(Web page caption snippets)
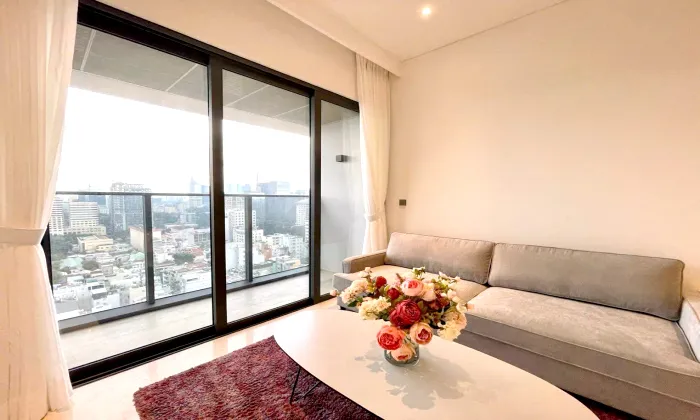 Good View Three Bedroom The Marq District 1 For rent in HCMC 110sqm 2,500 USD/month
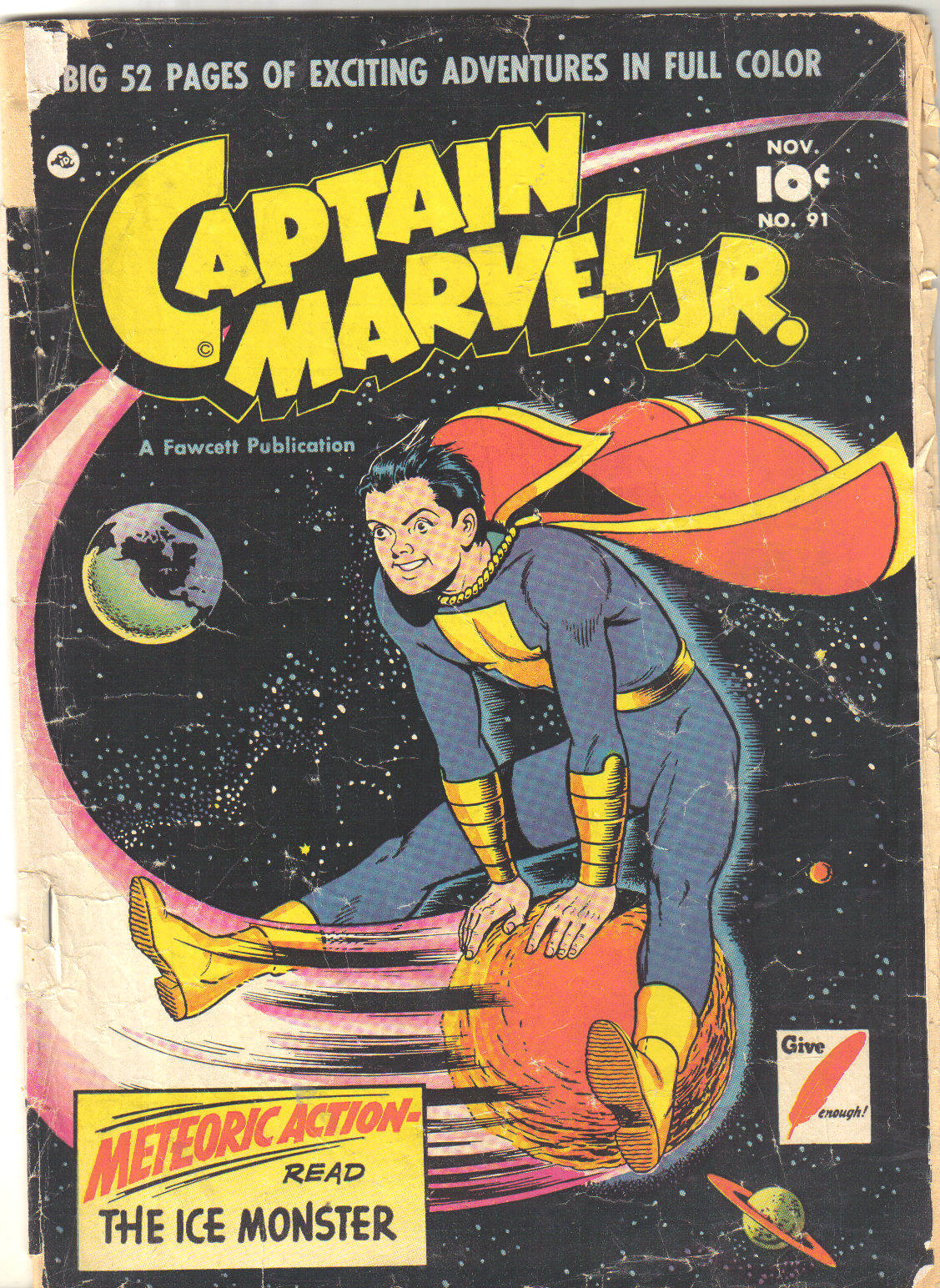 Read online Captain Marvel, Jr. comic -  Issue #91 - 1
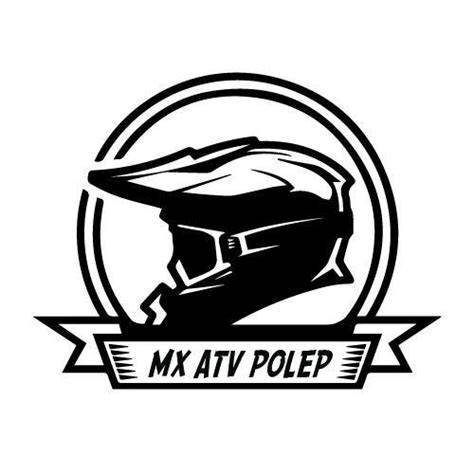 zakázkový polep motocyklu MX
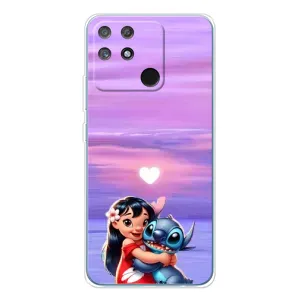 Чехол с рисунком Стич для Realme NARZO 80 Lite 4G (Стич и Лило)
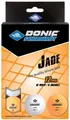 Donic Tischtennisball Jade 12 Stück 6x orange, 6x weiß, Tischtennis Bälle Tischtennisball Ball Balls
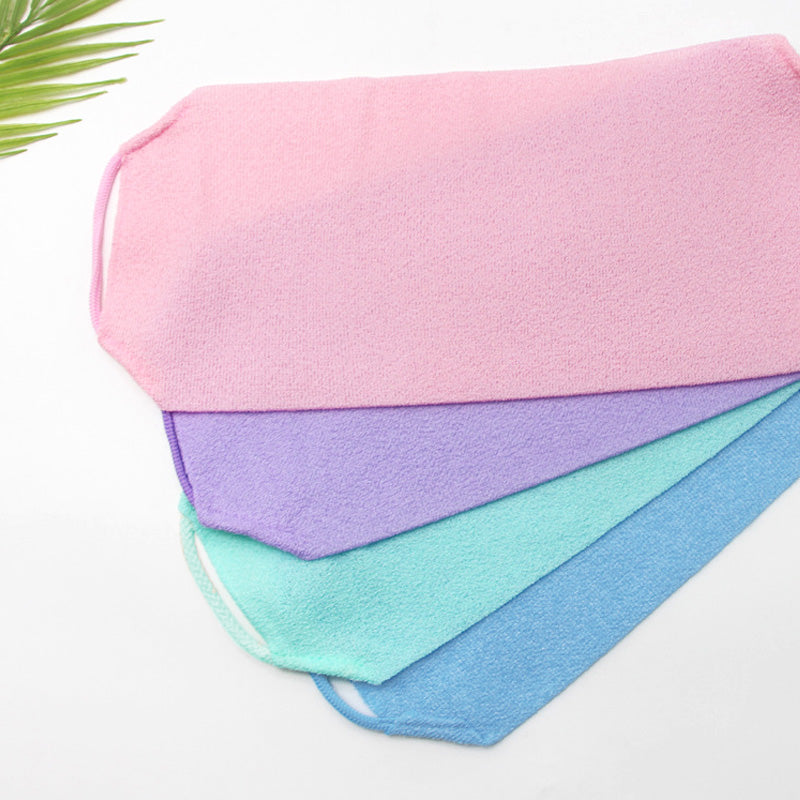 Badetuch-Set mit Peeling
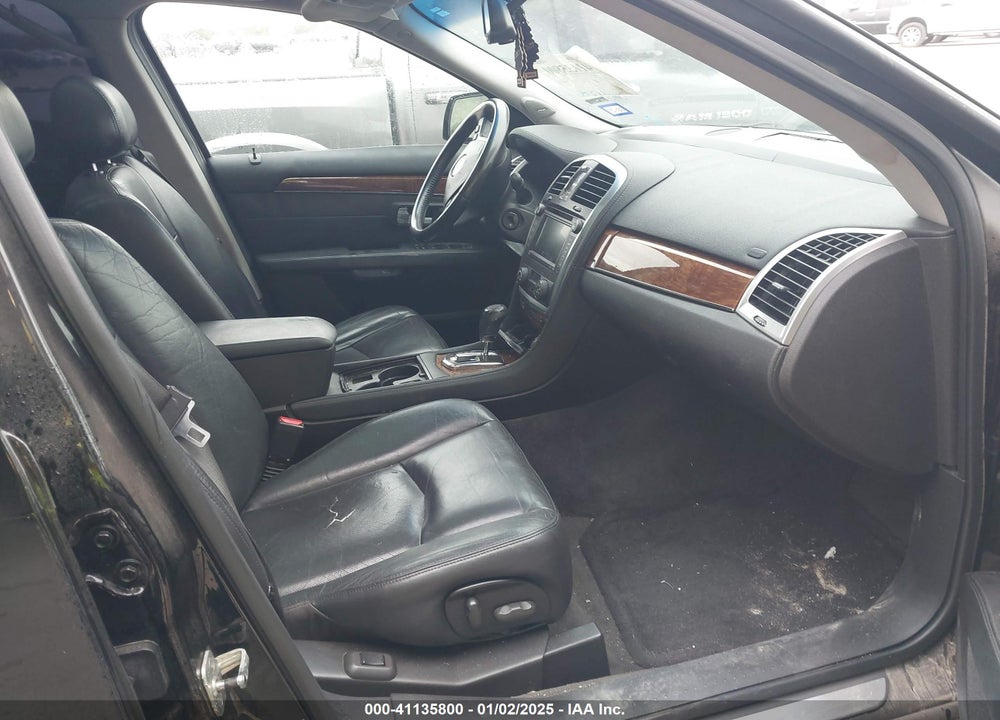 2007 CADILLAC SRX V6 VIN: 1GYEE637170128464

▶ [What the exercise asks] An exact copy is required of the lines from the one holding "Чехол с рисунком" to the end of the entries above, both included; no pictures belong in it.

▶ [Reply to the task]
 Чехол с рисунком Стич для Realme NARZO 80 Lite 4G (Стич и Лило)
 Donic Tischtennisball Jade 12 Stück 6x orange, 6x weiß, Tischtennis Bälle Tischtennisball Ball Balls
 Badetuch-Set mit Peeling
 2007 CADILLAC SRX V6 VIN: 1GYEE637170128464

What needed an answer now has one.